老後に資金難に陥らない、安心できる利回りとは

 このご夫妻は、これまで貯めてきた約1500万円のお金を全額、普通預金で管理されてきました。キャッシュフローを見ると、この1500万円は70歳前後になるまで、手を付けずに済みそうだということも分かります。前ページのグラフで、オレンジ色の線で四角く囲んだ部分が、その期間を示しています。

 理論的には、この1500万円は中長期運用に投入できることになります。しかし、人生いつ何が起きるか分からないので、ご夫妻は緊急予備資金として、500万円を手元に置くという結論に至りました。

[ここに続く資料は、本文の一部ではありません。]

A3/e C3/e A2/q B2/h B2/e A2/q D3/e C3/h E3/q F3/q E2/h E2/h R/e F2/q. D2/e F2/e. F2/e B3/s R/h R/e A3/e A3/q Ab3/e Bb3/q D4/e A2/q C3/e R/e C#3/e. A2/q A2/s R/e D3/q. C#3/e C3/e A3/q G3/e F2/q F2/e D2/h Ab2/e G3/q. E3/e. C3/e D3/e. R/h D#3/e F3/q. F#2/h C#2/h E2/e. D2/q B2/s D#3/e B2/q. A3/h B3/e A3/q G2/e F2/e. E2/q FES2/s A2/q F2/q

 つまり、資産運用に向けようと考えた資金は1000万円です。ここで問題になるのが、この1000万円の利回りが毎年どの程度なら、ご夫妻の老後の資金難を解決できるのかという点です。

 実際の相談の場では、ご意見を聞きながら、投入資金に利回りを与えた場合のシミュレーションを複数作成していきます。ここでは、このご夫妻が最終的なイメージとして採用した、利回り4%の例(下図グラフ)をご覧下さい。

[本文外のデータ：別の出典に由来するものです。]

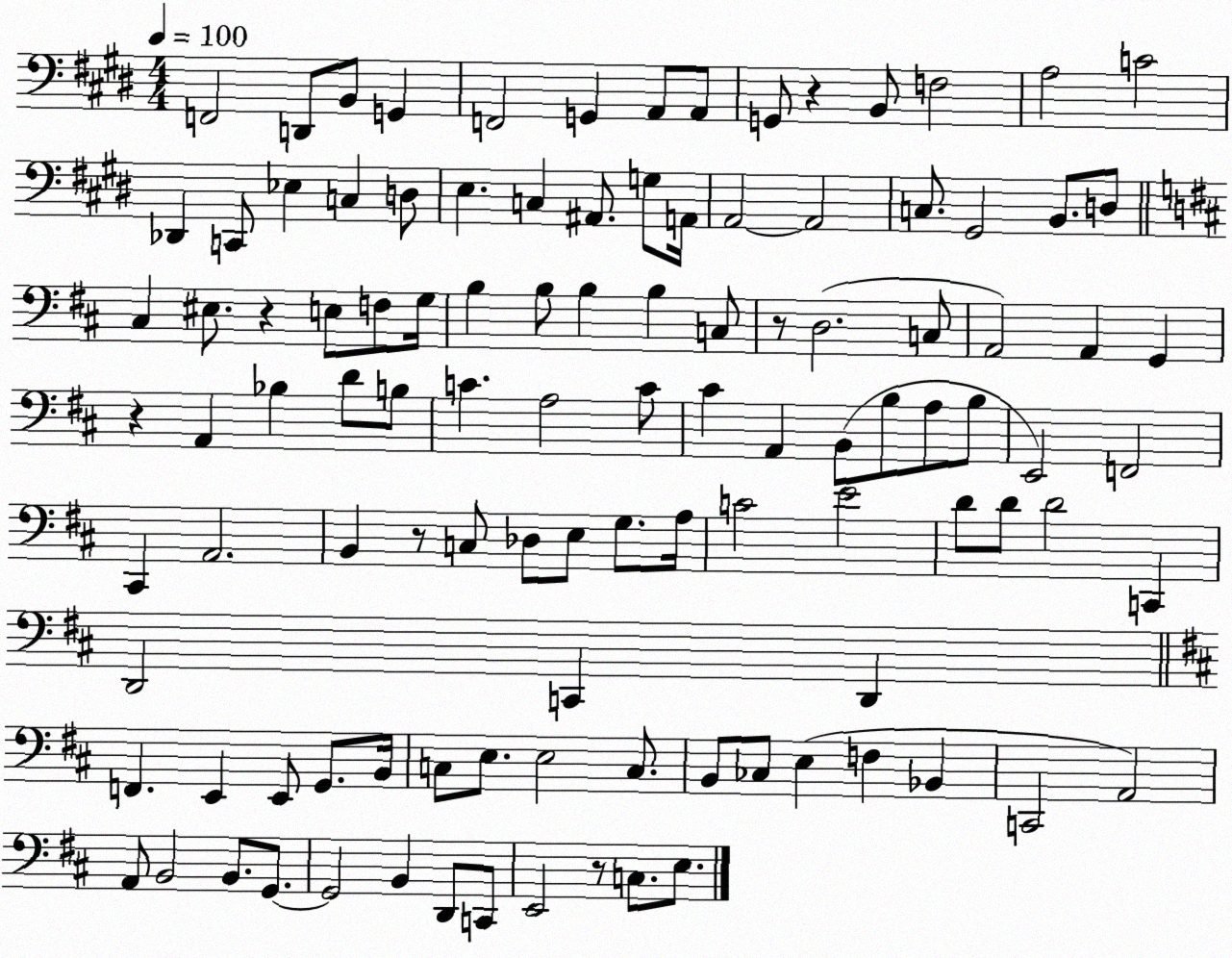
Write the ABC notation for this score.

 いかがでしょうか。1000万円の資金に4%の金利を与えるだけで、未来の資産残高に大きな変化が起きることを理解いただけたかと思います。

 普通預金だけで管理していた場合は、77歳前後で0円となっていた残高が、4%の金利が実現きれば、同じ77歳前後で2500万円になります。これならば、安心して長生きできるのではないでしょうか。